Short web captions
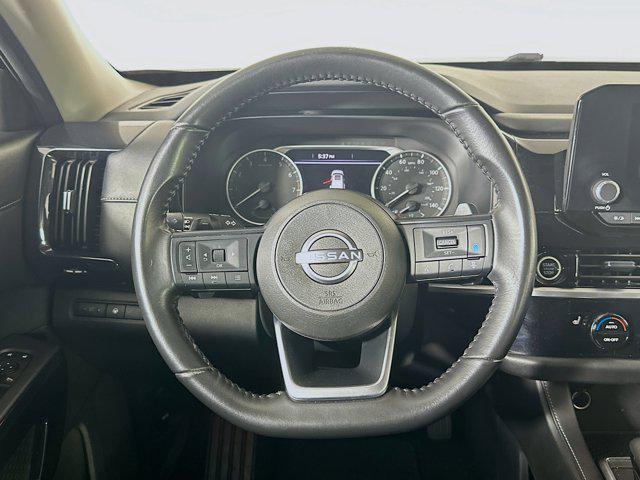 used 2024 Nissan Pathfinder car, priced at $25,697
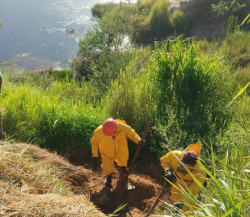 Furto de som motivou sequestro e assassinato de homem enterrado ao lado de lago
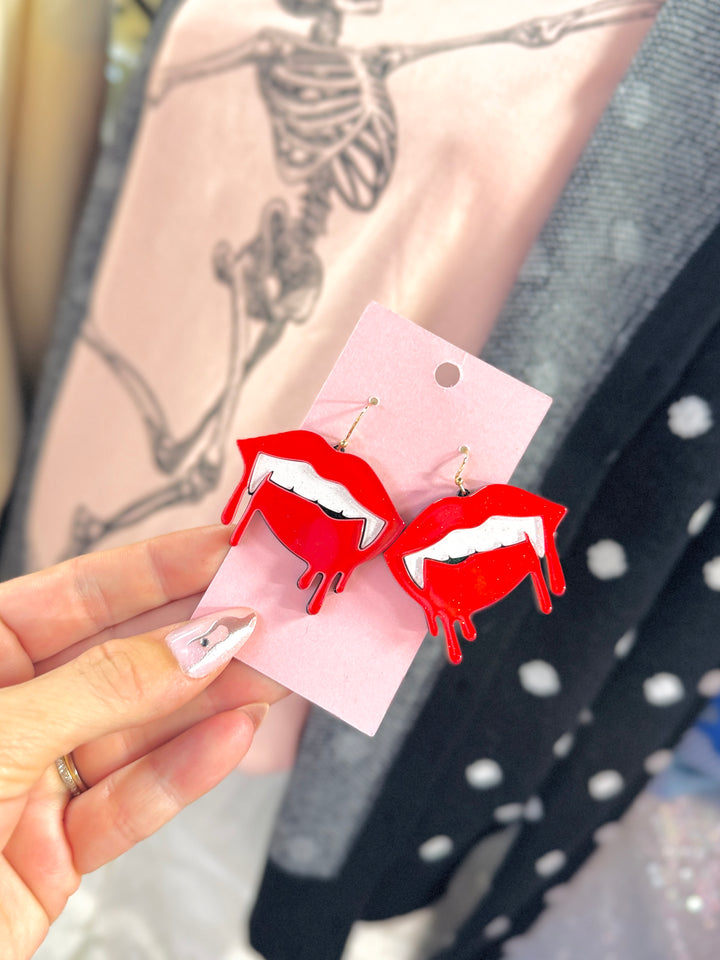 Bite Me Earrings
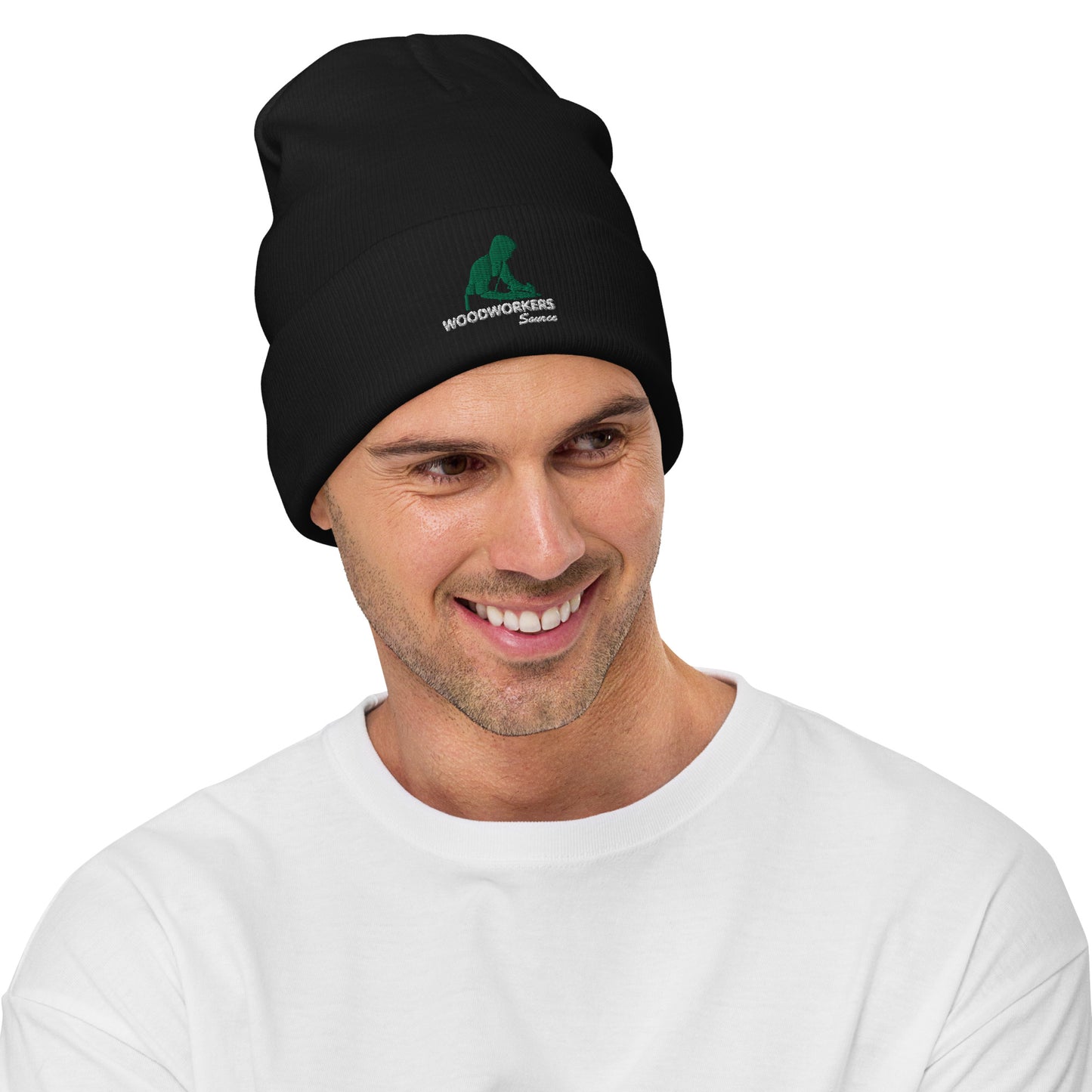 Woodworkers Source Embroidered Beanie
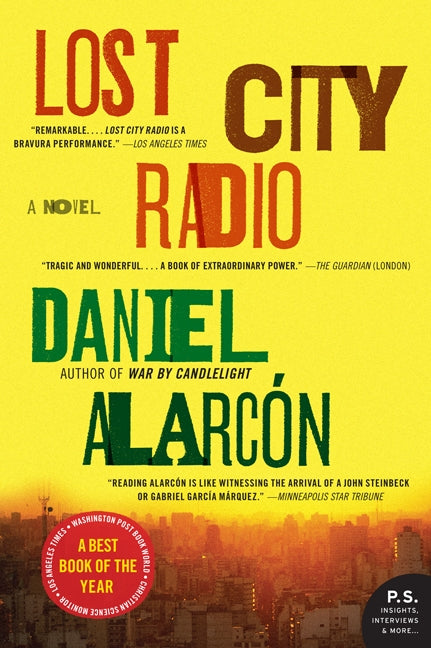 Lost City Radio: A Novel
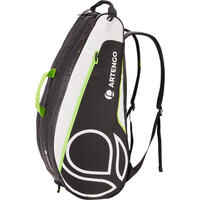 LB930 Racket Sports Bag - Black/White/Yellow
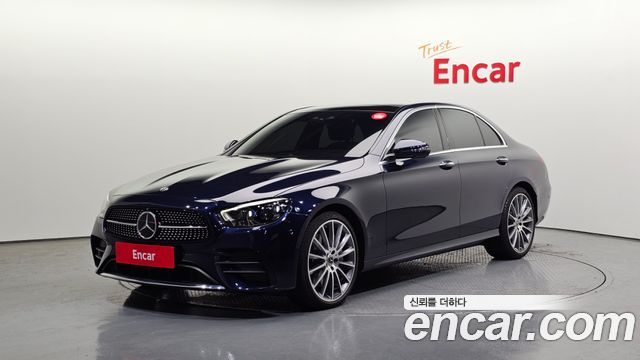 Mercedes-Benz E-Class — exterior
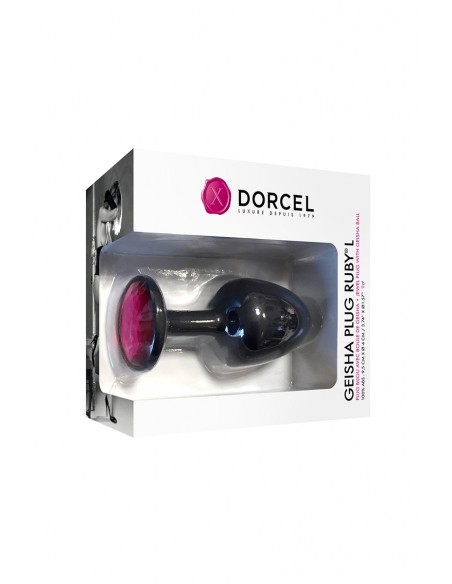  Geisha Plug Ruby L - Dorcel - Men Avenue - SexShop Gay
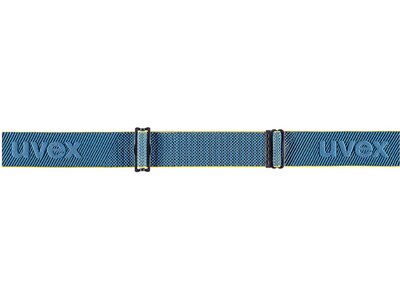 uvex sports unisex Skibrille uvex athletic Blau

[EXERCISE DIRECTIONS]:
Every entry must be transcribed exactly. Pictures do not belong in the copy.

[WRITTEN RESPONSE]:
 used 2024 Nissan Pathfinder car, priced at $25,697
 Furto de som motivou sequestro e assassinato de homem enterrado ao lado de lago
 Bite Me Earrings
 Woodworkers Source Embroidered Beanie
 Lost City Radio: A Novel
 LB930 Racket Sports Bag - Black/White/Yellow
 Mercedes-Benz E-Class — exterior
  Geisha Plug Ruby L - Dorcel - Men Avenue - SexShop Gay
 uvex sports unisex Skibrille uvex athletic Blau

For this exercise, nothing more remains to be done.